__SUPPLIED INFORMATION__.
-- -- --

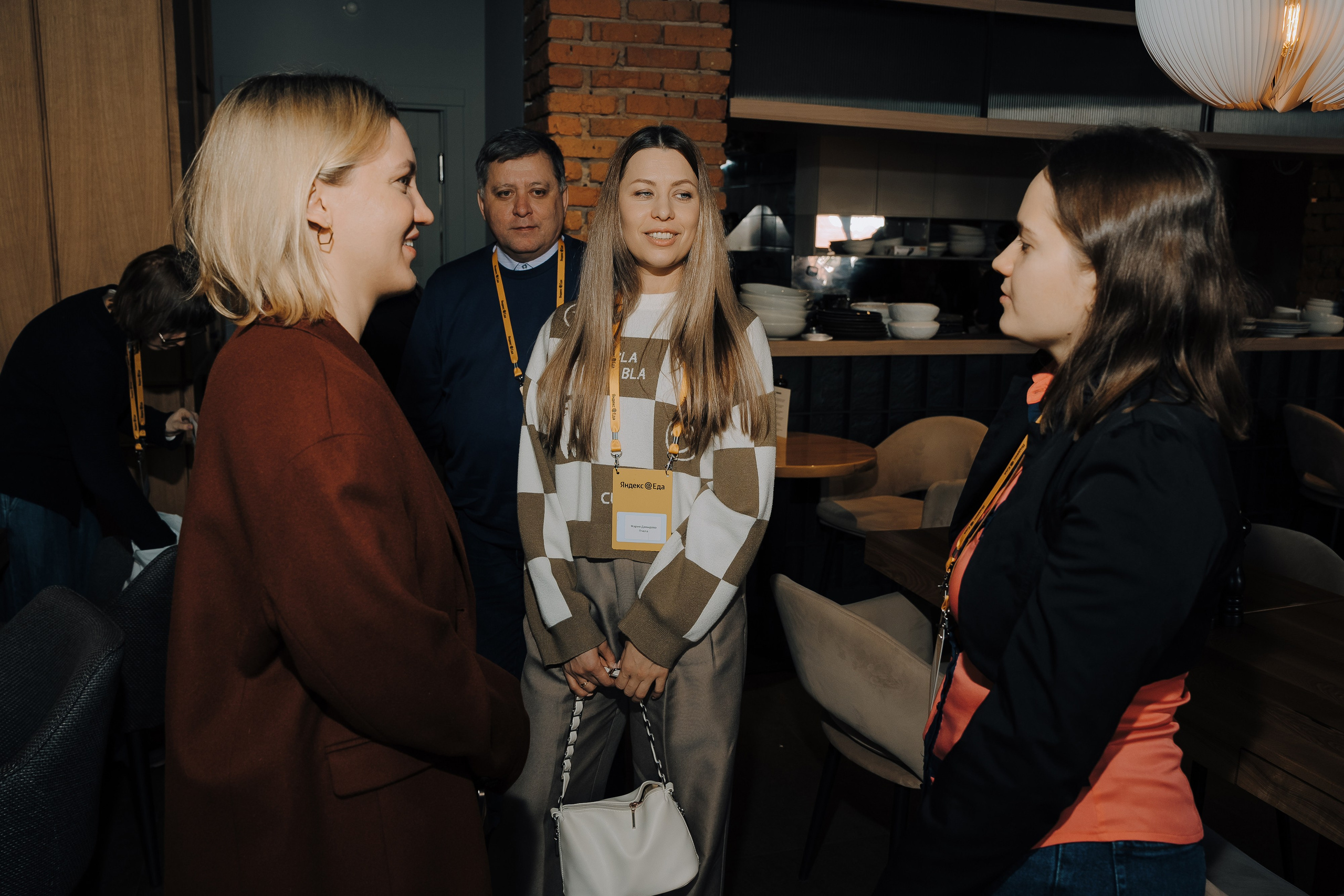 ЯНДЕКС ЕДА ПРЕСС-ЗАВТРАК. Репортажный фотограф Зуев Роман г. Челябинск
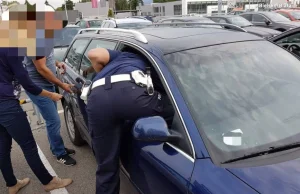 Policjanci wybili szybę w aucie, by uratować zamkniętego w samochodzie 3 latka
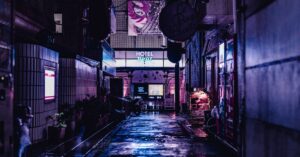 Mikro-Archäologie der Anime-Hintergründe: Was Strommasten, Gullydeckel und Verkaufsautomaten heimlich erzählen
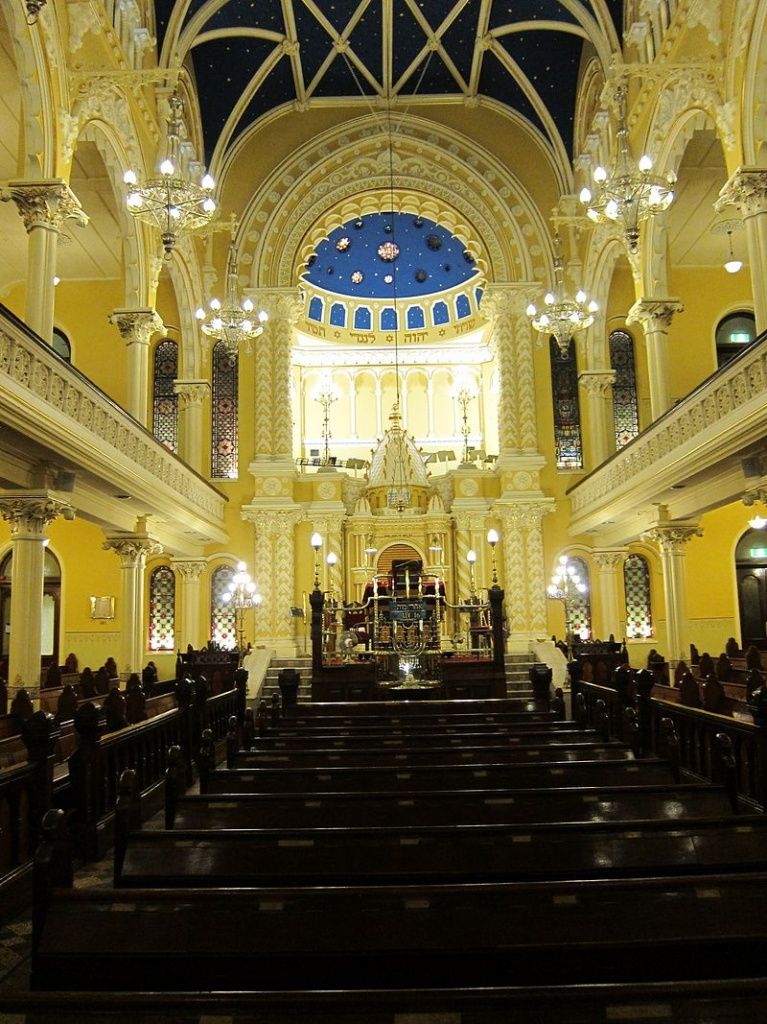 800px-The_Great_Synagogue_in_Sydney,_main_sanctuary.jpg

-- -- --

__EXERCISE AIM__. Drop the images and repeat the data exactly.

__SOLUTION TO THIS TASK__.
 ЯНДЕКС ЕДА ПРЕСС-ЗАВТРАК. Репортажный фотограф Зуев Роман г. Челябинск
 Policjanci wybili szybę w aucie, by uratować zamkniętego w samochodzie 3 latka
 Mikro-Archäologie der Anime-Hintergründe: Was Strommasten, Gullydeckel und Verkaufsautomaten heimlich erzählen
 800px-The_Great_Synagogue_in_Sydney,_main_sanctuary.jpg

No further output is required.